According to the latest figures from financial services M&A firm Radar Results, there’s a growing valuation gap between advice firms, with an overarching theme that we’re now shifting to a buyer’s market.
As the firm’s report explains, “buyers now have a larger selection of sellers from which to choose and therefore, can negotiate lower price multiples and obtain better payment terms.”
What’s causing the gap?
The report says that the gap between “high-quality practice” and “conventional businesses” – defined as those that could have up to 20% grandfathered clients, who may not be engaged – has increased from 0.5x recurring revenue up to 1.5x recurring revenue.
Radar Results explains further: “After the Global Financial Crisis (GFC) finished, finance became easy to secure, interest rates fell, sellers were hard to find, and buyers were forced to pay a high price multiple for an acquisition.”
“During the GFC,” Radar Results continued, “many planning practices had their recurring revenue fall by up to 50% and revenue from new business disappeared.

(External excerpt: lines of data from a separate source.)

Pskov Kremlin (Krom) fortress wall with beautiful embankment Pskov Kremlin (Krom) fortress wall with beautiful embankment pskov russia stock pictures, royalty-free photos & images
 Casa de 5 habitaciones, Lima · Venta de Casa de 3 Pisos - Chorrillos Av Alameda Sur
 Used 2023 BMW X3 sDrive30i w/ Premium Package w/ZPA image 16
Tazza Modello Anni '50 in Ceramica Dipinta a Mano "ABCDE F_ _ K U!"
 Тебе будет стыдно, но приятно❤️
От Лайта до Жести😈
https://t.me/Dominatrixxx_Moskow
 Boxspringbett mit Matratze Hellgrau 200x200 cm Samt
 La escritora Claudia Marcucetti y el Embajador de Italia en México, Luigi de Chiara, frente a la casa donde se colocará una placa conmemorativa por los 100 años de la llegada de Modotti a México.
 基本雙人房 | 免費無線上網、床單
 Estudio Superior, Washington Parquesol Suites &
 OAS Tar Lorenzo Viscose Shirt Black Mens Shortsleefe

Therefore, planners who were looking to sell before the GFC remained in the industry until their revenue increased, contributing to the shortage of sellers during this 10-year period.”
Is there a silver lining?
The report does also note that for those businesses considered “high-quality,” valuations “haven’t really changed, and there’s a higher demand now than at any time before.”
What this suggests is that there’s still significant demand in the advice market, but as we discussed last week, the means of valuing these businesses has become more complex in light of recent reforms and the Royal Commission.